What does this tell us about the soul's purpose and of the pursuit of knowledge?

Clearly we are left with the position that the soul accounts for all of our knowledge and drives our pursuit for knowledge of the true Forms. By focusing on this pursuit and not living materialistically (in Plato's terminology) our soul can ensure we live well. Although Plato typically ascribed many cognitive and intellectual faculties to the body, he does recognize that it is the soul's purpose to ensure we live well. To the extent that we are not living well, it is because our soul (in this case very much like the modern conception of Mind) is in a state of disrepair or neglect. Therefore, although specific cognitive functions may be carried out by the body, it is the soul's responsibility to ensure they are only done in the noble pursuit of knowledge.

Higher-Order Faculties of the Mind

Glaucon: The praise of a wisdom-lover and argument lover is necessarily truest.

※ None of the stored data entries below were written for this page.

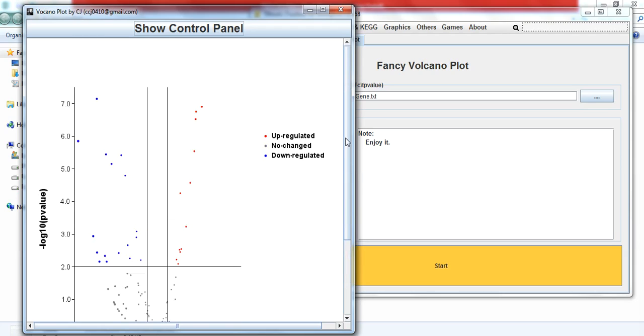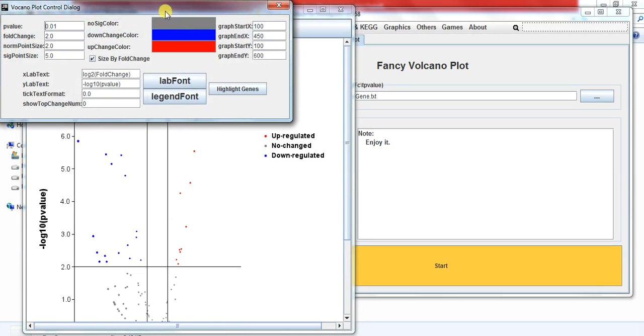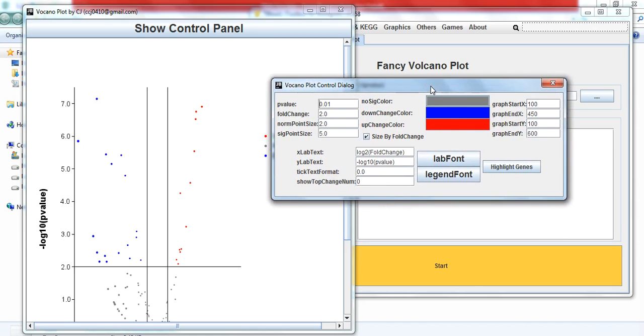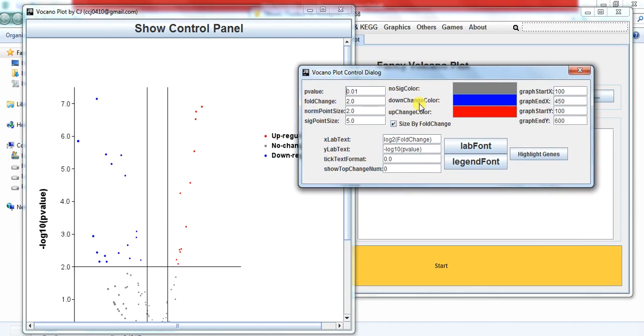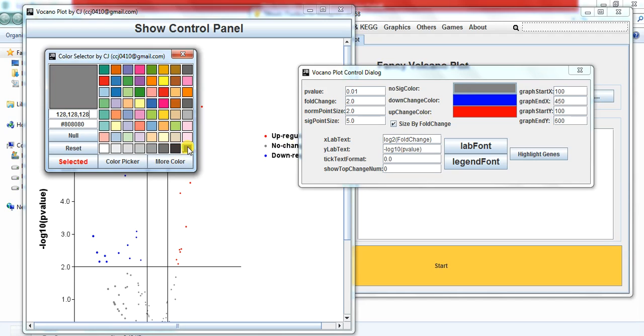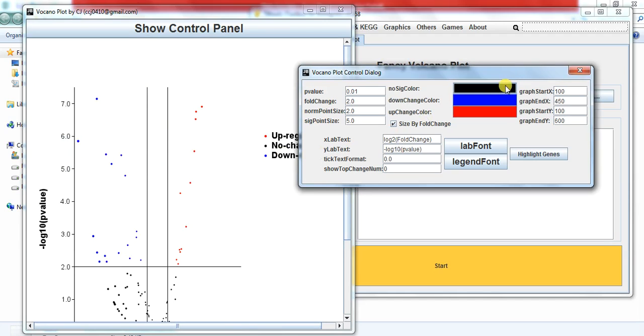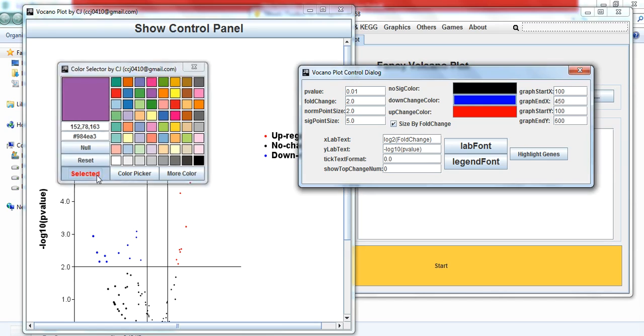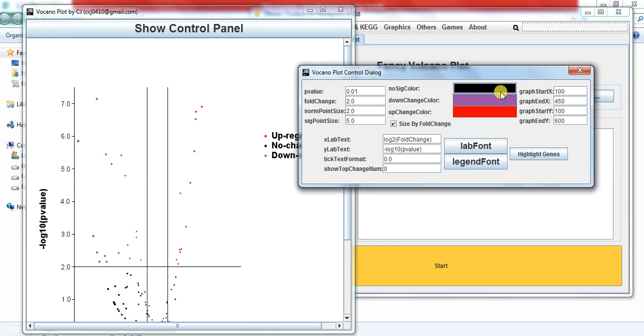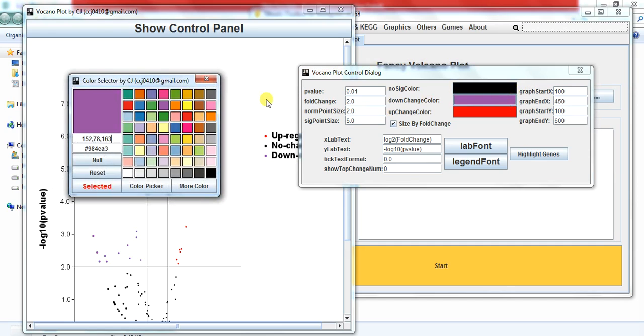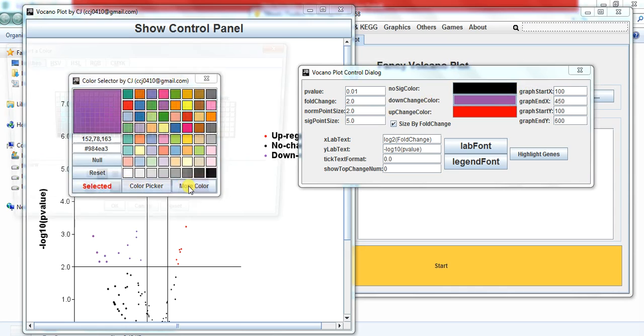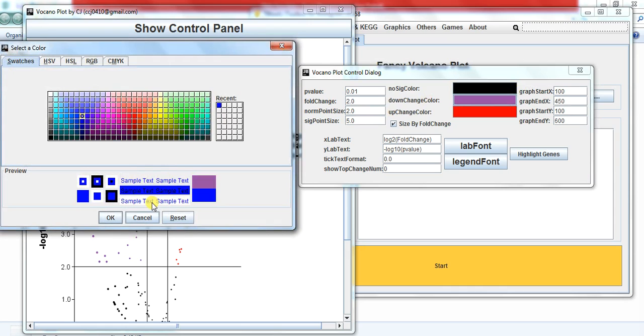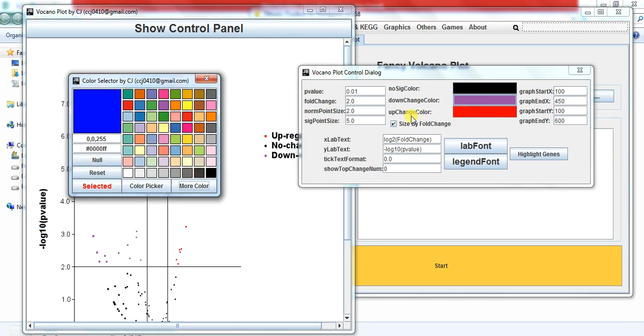So here show control panel, you can change the color of that gene that didn't change in response to stress like I give it to black color. Here you can change the color of your own choice.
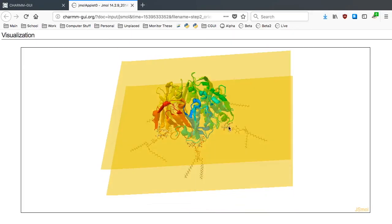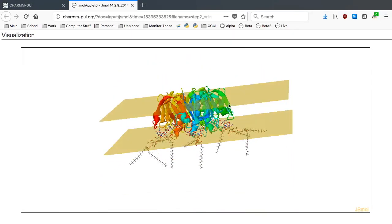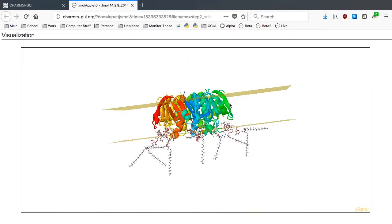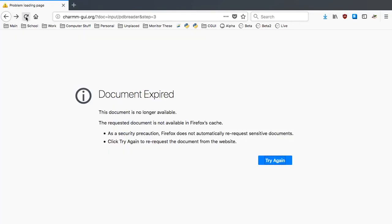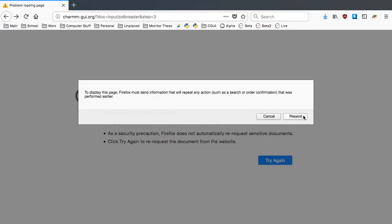Now the 5-fold axis is aligned along the Z-axis, which is the membrane normal vector, but the protein is inside the membrane, although it should be above the membrane.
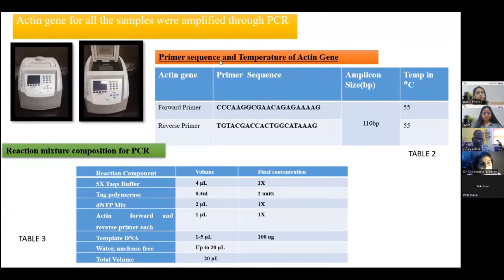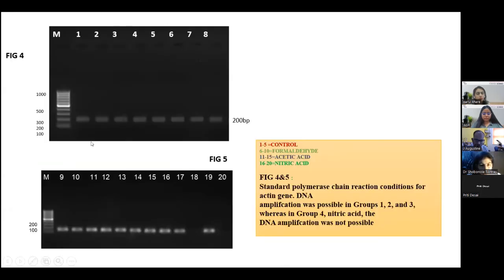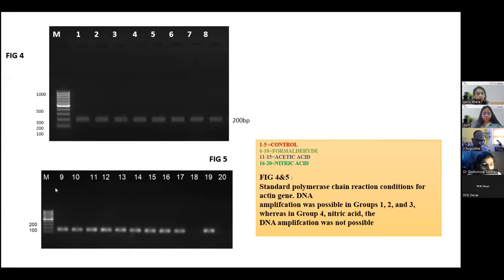Next, we performed amplification of the actin gene for all samples via PCR using specific primers and a PCR master mix. The final results for the actin gene, as seen in Figure 4, show clear bands from 100 to 1000 base pairs in Groups 1 and 2. The actin gene was present in the formaldehyde and acetic acid groups. However, in the nitric acid group, we could not detect the actin gene.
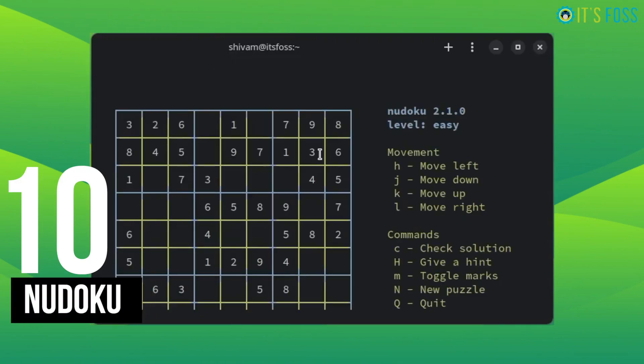Last one on this list is Nudoku, which is Sudoku in the terminal. Which is based on N curses, and that's why it's called Nudoku. I guess you all are familiar with Sudoku. It's a brain game, so you get to use your little grey cells.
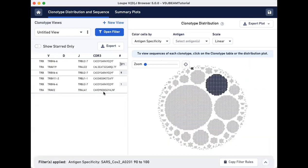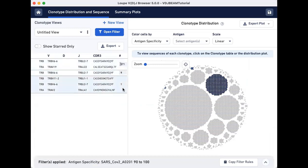Three clonotypes have passed our filter. Two of the remaining clonotypes are small with very few cells.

Socrates: Then, of the three pleasures, the most pleasant is that of the part of the soul with which we learn, and the one in whom that part rules has the most pleasant life.

The Republic (582a-d)

Parts of the Soul : Plato deals with the soul's treatment of the concept of ego by dividing the soul into component parts (ironically this is opposite of the Argument from Affinity). He argues there is a spirited part, whose natural attachment is to honor and esteem by others ("appropriate for us to call it learning-loving and honor-loving" - 581b). In a way, Plato is taking Socrates conception of the soul and adapting it to meet his own concerns. It would seem to Plato, that if the soul is to be the ruler of the body and its purpose is to ensure the good life, then surely it must control all aspects of the body related to such a life. It stands to reason then that the soul is responsible for our emotions, our intellect, as well as our appetite. Unfortunately for Plato, Socrates has already assigned these faculties to the body. However, he is able to circumvent this problem by specifying a division within the soul. The appetitive part, for example, is concerned with such needs as food, drink, and sex. Plato is now finally assigning to the soul the faculties which we think of as mental. When Socrates initially laid out the Theory of Forms and of the soul, he did not have any divisions. The soul, like the Forms, was pure and had no component parts. Plato, however, seemed to recognize the problem inherent with assigning feelings to the body and not to the soul. Thus the only way he could rectify the situation was to subdivide the soul and assign these processes to various parts.

Odysseus: Ironically the same example is used in both the Phaedo and the Republic to illustrate a conflict between soul and body in the former and between parts of the soul in the latter.

Phaedo: "Endure, my heart, you have endured worse than this." (94d) - This line is quoted from Homer's Odyssey and is used to show that even Homer recognized the conflict between soul and body. Odysseus is essentially facilitating communication between his soul and his body.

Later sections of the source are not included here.